1. This site uses cookies. By continuing to use this site, you are agreeing to our use of cookies. Learn More.

@REGEXSUB issue

Discussion in 'Support' started by Stefano Piccardi, Mar 17, 2009.

  1. Stefano Piccardi

    Joined:
    May 31, 2008
    Messages:
    376
    Likes Received:
    2
    It seems that @REGEXSUB handles regex alternatives incorrectly.
    Code:
    C:\> for %i in (a b c) echo %i in (a+)^|(b+): %@REGEXINDEX["(a+)|(b+)",x%i] (%@REGEXSUB[1,"(a+)|(b+)",x%i])
    
    a in (a+)|(b+): 1 (a)
    b in (a+)|(b+): 1 ()          <=== should match "b"
    c in (a+)|(b+): -1 ()
    
    C:\> ver
    TCC  9.02.152   Windows XP [Version 5.1.2600]
    
    For comparison, @REGEXINDEX matches the second capture in the second line, (b+), while @REGEXSUB doesn't.
     
  2. Stefano Piccardi

    Joined:
    May 31, 2008
    Messages:
    376
    Likes Received:
    2
    No answer?
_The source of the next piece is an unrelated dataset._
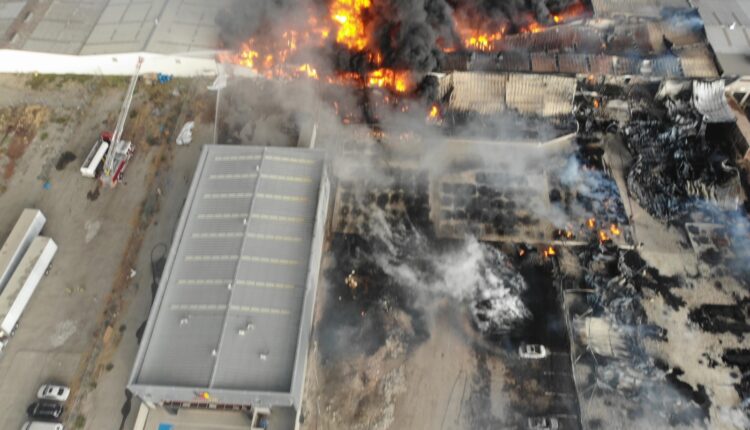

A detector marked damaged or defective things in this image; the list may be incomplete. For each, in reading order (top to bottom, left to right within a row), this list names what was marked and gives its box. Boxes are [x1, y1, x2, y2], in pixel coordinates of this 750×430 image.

Then does @REGEXSUB work correctly in version 10?
     
  3. vefatica

    Joined:
    May 20, 2008
    Messages:
    7,792
    Likes Received:
    29
    On Mon, 23 Mar 2009 17:04:59 -0500, Stefano Piccardi <>
    wrote:

    |No answer? Then does @REGEXSUB work correctly in version 10?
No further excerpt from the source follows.